Brian Darnell Johnson v. State
01-15-00101-CR
| Tex. App. | Aug 31, 2015Background
- Defendant Brian Darnell Johnson was convicted by a jury of aggravated assault with a deadly weapon and received 40 years’ imprisonment; he appealed.
- Incident: after a confrontation at a pool hall, Johnson and Don Miles went outside; Johnson admitted firing a handgun and wounding Miles once.
- Johnson’s theory at trial: Miles previously assaulted him inside, then outside pulled a 5–7 inch knife and cut/stabbed Johnson multiple times, so Johnson shot Miles in self-defense.
- State’s witnesses: Miles admitted fighting with Johnson, acknowledged carrying a knife that night, but testified he thought Johnson shot him while Miles had turned his back; another witness saw Johnson shooting but did not confirm the knife.
- No scientific/forensic evidence contradicted Johnson’s self-defense story; both sides initially avoided police and hospital involvement.

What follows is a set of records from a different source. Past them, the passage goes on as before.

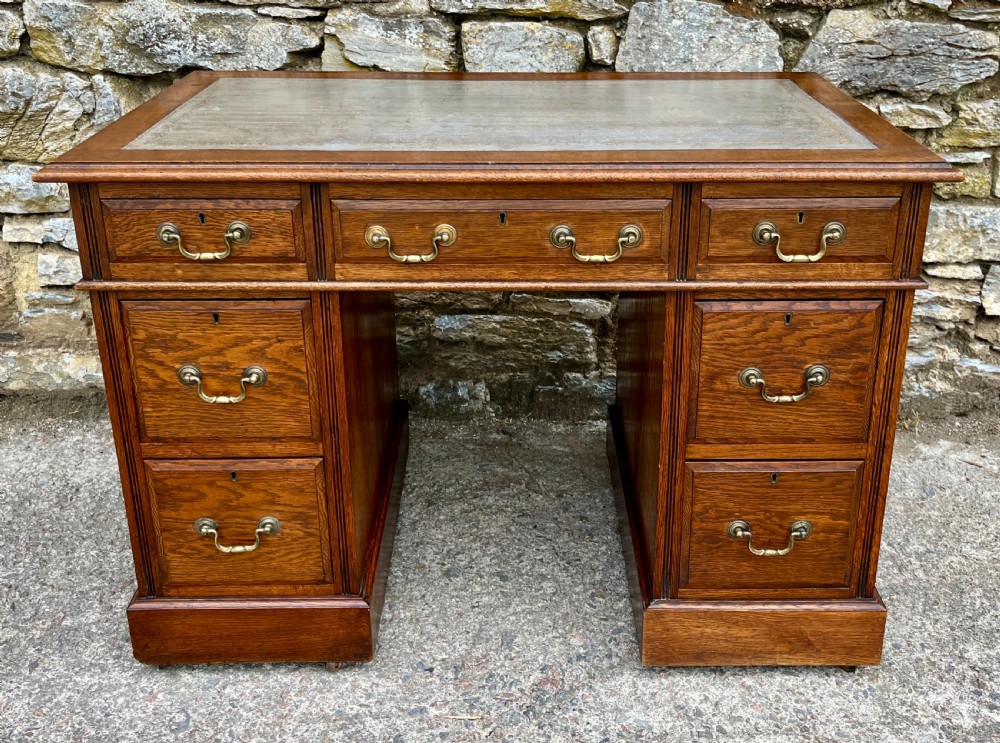 Small Antique Oak Pedestal Desk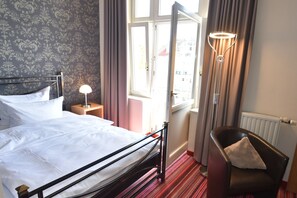 1 bedroom, in-room safe, WiFi, bed sheets - EZ - Hotel Residenz Waldkrone Kühlungsborn GmbH & Co. Co.KG (Kühlungsborn)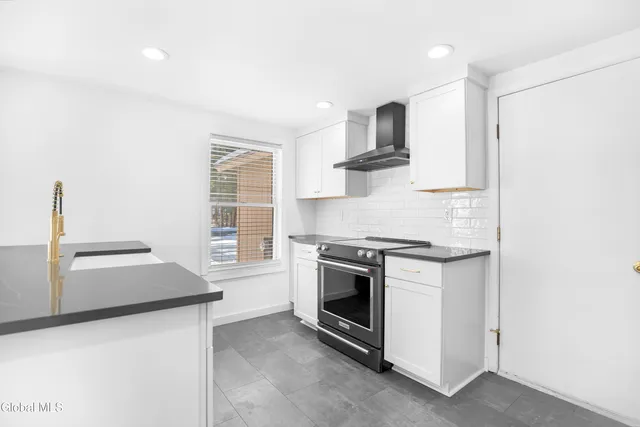 $319,900 | 130 Thimbleberry Road, Ballston Spa, NY 12020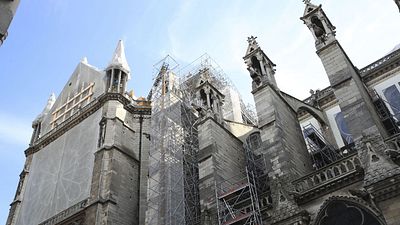 image de la news L'incendie de Notre-Dame de Paris en série façon Chernobyl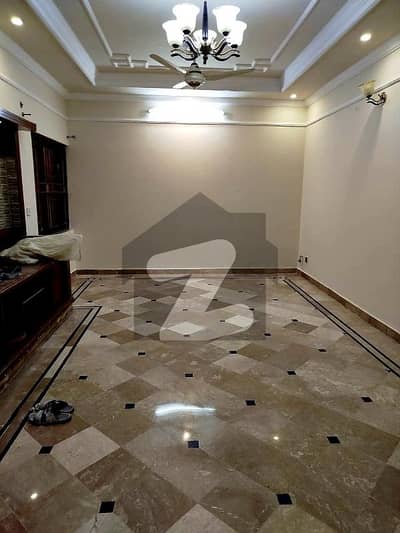 جی ۔ 13 اسلام آباد میں 3 کمروں کا 14 مرلہ زیریں پورشن 1.35 لاکھ میں کرایہ پر دستیاب ہے۔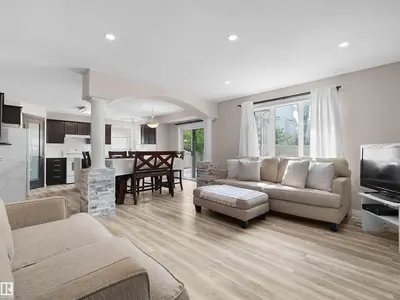 Interior photo 3 of 614 LAYTON CT NW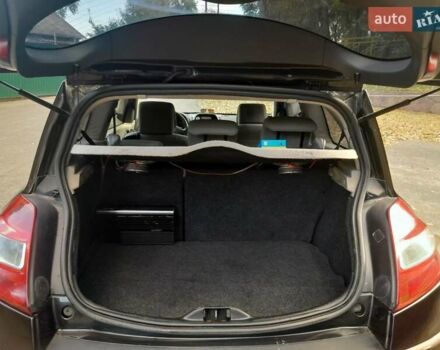 Черный Рено Меган, объемом двигателя 1.6 л и пробегом 300 тыс. км за 4300 $, фото 9 на Automoto.ua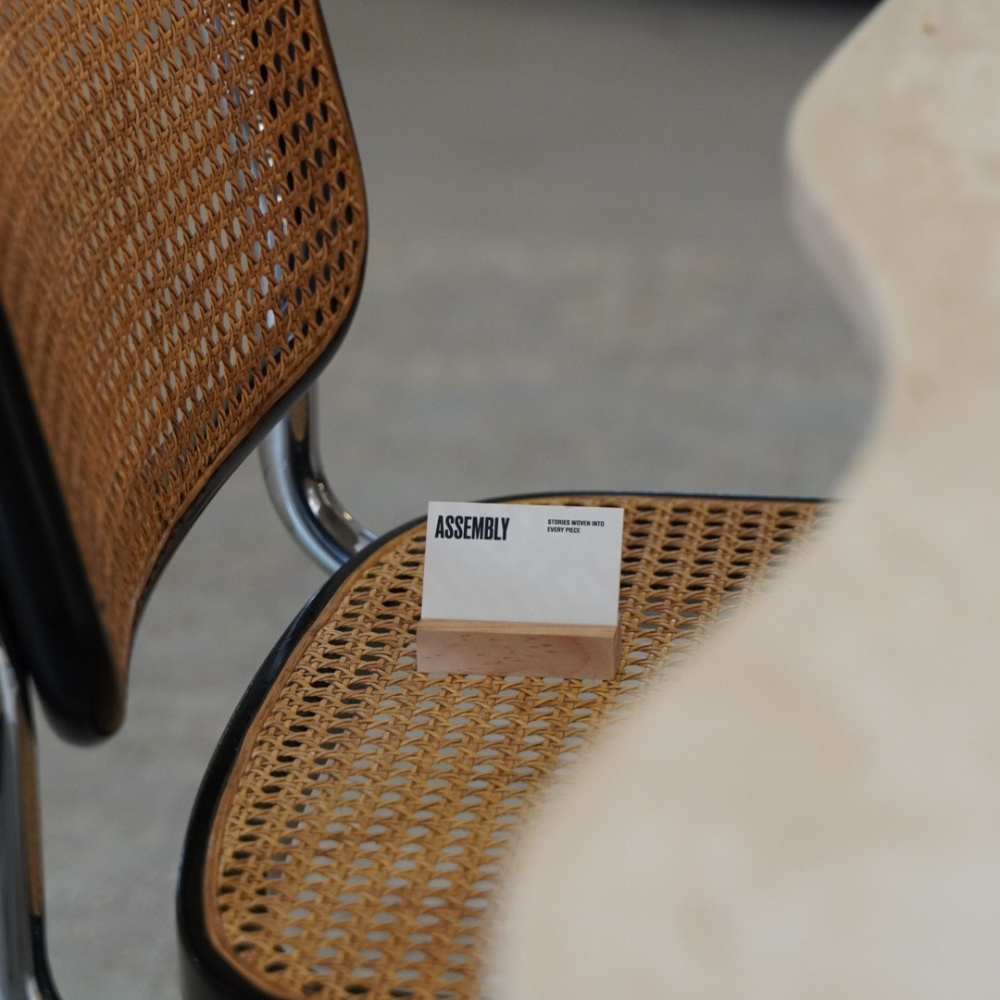 Assembly Vintage Furniture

- Procedural posture: Johnson argues (1) legal insufficiency because self-defense raises reasonable doubt; alternatively (2) multiple jury-charge errors (failure to give a 2.03(d) reasonable-doubt instruction on defensive issue, lack of an application paragraph for self-defense, omission of statutory presumptions under §§9.31/9.32 with required §2.05(b) language, and failure to instruct on no-duty-to-retreat provisions), and requests reversal/acquittal or a new trial.
Issues
| Issue | Plaintiff's Argument (State) | Defendant's Argument (Johnson) | Held / Relief Sought |
|---|---|---|---|
| 1. Legal sufficiency re: self-defense | The State argued proof beyond reasonable doubt of aggravated assault elements (jury convicted). | Johnson contends evidence required reasonable doubt on whether his shooting was justified self-defense; thus evidence legally insufficient and court should acquit. | Johnson requests reversal and rendition of acquittal; trial court convicted (appeal pending). |
| 2. Omission of §2.03(d) reasonable-doubt instruction on defensive issue | The State relied on the general reasonable-doubt charge and other instructions. | Johnson argues the court erred by not telling jurors that a reasonable doubt on self-defense requires acquittal; counsel failed to object so egregious-harm review applies. | Johnson seeks vacatur/remand for new trial, arguing egregious harm. |
| 3. No application paragraph applying self-defense law to facts | The State relied on abstract self-defense instructions plus application to elements of offense. | Johnson argues the court failed to instruct jurors how to apply §§9.31/9.32 to the specific facts (contradiction between application to guilt and defensive theory), prejudicing his sole defense. | Johnson seeks new trial for charge omission (error preserved? counsel did not object; egregious-harm standard). |
| 4. Failure to include statutory presumptions (§§9.31/9.32) and required §2.05(b) language | The State may argue presumptions were inapplicable or sufficiently covered elsewhere. | Johnson asserts evidence (knife, cutting, assault) entitled him to the presumption that his belief deadly force was necessary was reasonable and the jury should have been told the presumption and §2.05(b) consequences. | Johnson requests new trial/remand; alleges egregious harm from omission. |
| 5. Failure to instruct on no-duty-to-retreat (§9.31(e)-(f), §9.32(c)-(d)) | The State may rely on general self-defense law and closing arguments to address retreat issue. | Johnson argues the jury should have been instructed the defendant had no duty to retreat and jurors may not consider failure to retreat when assessing reasonableness; omission was prejudicial. | Johnson seeks new trial/remand; argues cumulative charge errors amount to egregious harm. |
Key Cases Cited
- Jackson v. Virginia, 443 U.S. 307 (establishes legal-sufficiency standard under due process)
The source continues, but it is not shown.